As a function of the match/mismatch between paper and reviewer disciplines

Table 3 also displays the single-rater reliabilities G(q k , k = 1) based (a) on the ratings of reviewers from the same discipline as the paper and (b) on the ratings from reviewers from different disciplines. The estimated single-rater reliabilities for the overall evaluation were again poor (same-discipline reviewers: .23, different-discipline reviewers: .18). “Fair” agreement (Cicchetti 1994) was found only for some of the single-rater reliabilities, based on the ratings from the different-discipline reviewers (.35–.46). In contrast, the agreement for the same-discipline reviewers was rather poor (.13–.20) and even non-significant. In any case, single-rater reliabilities were generally low—regardless of whether reviewers matched or did not match the papers’ scientific discipline.
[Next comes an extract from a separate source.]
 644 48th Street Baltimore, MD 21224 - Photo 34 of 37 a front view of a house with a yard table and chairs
In order to test for significant differences between same-discipline and different-discipline reviews, we estimated confidence intervals for the differences (a) by the method of Donner (1986, p. 76) for independent ICCs and (b) by the method of Ramasundarahettige et al. (2009, p. 1043, pp. 1045–1046) for dependent ICCs (for another approach:Footnote 6). All estimations were based on the Fisher z-transformation and its inverse (Fisher 1934). The confidence intervals for the differences are presented in Table 4. None of the comparisons yielded a significant difference, regardless of whether the two coefficients per rating dimension were defined as independent or as dependent. That is, although all same-discipline single-rater reliabilities were insignificant, and in most cases descriptively smaller than the corresponding different-discipline reliabilities, same- and different-discipline reliabilities did not significantly differ from one another.
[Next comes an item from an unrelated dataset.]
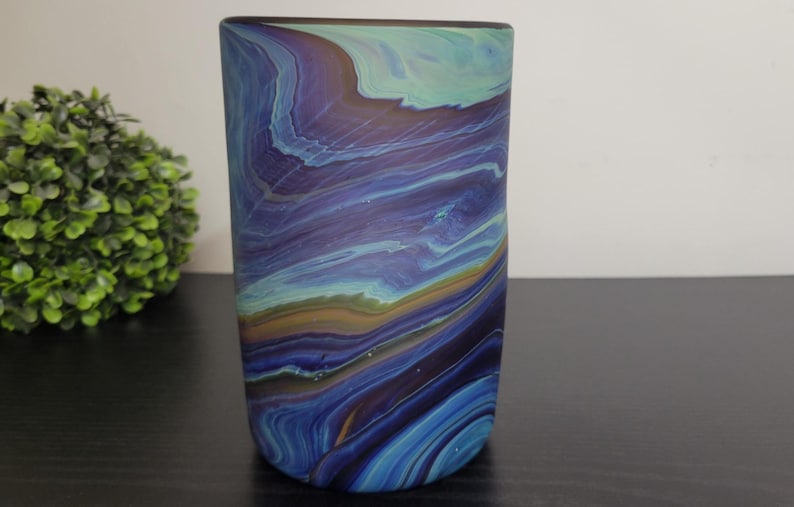 May include: A cylindrical glass vase with a swirling pattern of blue, purple, and teal colors. The vase has a smooth, glossy finish and is displayed on a dark surface. The design resembles a watercolor painting.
Table 4 Two-sided 95% confidence intervals for the differences between single-rater reliabilities from same-discipline versus different discipline reviewers constructed (a) by the method of Donner (1986) for independent ICCs and (b) by the method of Ramasundarahettige et al. (2009) for dependent ICCs

In addition to the single-rater reliabilities we also estimated the k-rater reliabilities G(q k=1, k = HM), which were based (a) on the ratings from all reviewers, (b) on the ratings from same-discipline reviewers, and (c) on the ratings from different-discipline reviewers (see Fig. 1). Although the overall picture looks similar, it is obvious that the k-rater coefficients were larger than their corresponding single-rater counterparts (see Table 3). This is not surprising, because this phenomenon is analogous to the classical test theory, where more items usually result in higher reliability coefficients (e.g., see Yousfi 2005). Based on the ratings of all reviewers, reliability values can be regarded as “fair” (values above .40; Cicchetti 1994) for overall evaluation, relevance, and novelty. With regard to the k-rater reliabilities based on the ratings from different-discipline reviewers, coefficients can be regarded as “fair” for the dimensions relevance, novelty, significance, and soundness. In contrast, reliability values based on the ratings from same-discipline reviewers were poor for all dimensions (see Fig. 1). Finally, there was no evidence for a severity or a leniency bias in either the same-discipline sample or the different-discipline sample of our study.Footnote 7

Fig. 1
figure 1

Estimated k-rater reliabilities G(q k=1, k = HM) for the rating dimensions

In sum, the inter-rater reliabilities were generally low. Descriptively, the pattern was contrary to what we expected. That is, the reliabilities of paper scores based on ratings from same-discipline reviewers were descriptively lower than those based on ratings from different-discipline reviewers. These descriptive differences, however, did not reach significance.

Construct validity

We conducted several analyses to investigate the dimensionality and validity aspects of reviewers’ evaluations, at the same time taking scientific discipline into account. First, we estimated the manifest correlations of the paper scores based on different rater subgroups. Second, we conducted an exploratory factor analysis, which is followed by a more complex confirmatory factor analysis in the CT-C(M-1) framework (Eid 2000; Eid et al. 2003). Then, we examined whether a multidimensional model or a unidimensional model would better fit the data. Finally, we assessed the criterion validity of the rating dimensions for predicting the citation rate of accepted papers.

Manifest correlations

In a first step we determined the correlations between the paper scores based on the same-discipline reviewers and the paper scores based on the different-discipline reviewers. Such correlations between different paper scores can reveal, for example, whether different rater groups applied the same criteria and came to the same conclusions. Large positive correlations would imply that papers with comparatively high (low) positions in the ranking order based on the ratings given by one rater group should also have high (low) positions in the ranking order based on the ratings given by the other rater group (e.g., Henss 1992). In the MTMM approach by Campbell and Fiske (1959, p. 82) such correlations are termed monotrait-heteromethod values and were used to examine the convergent validity.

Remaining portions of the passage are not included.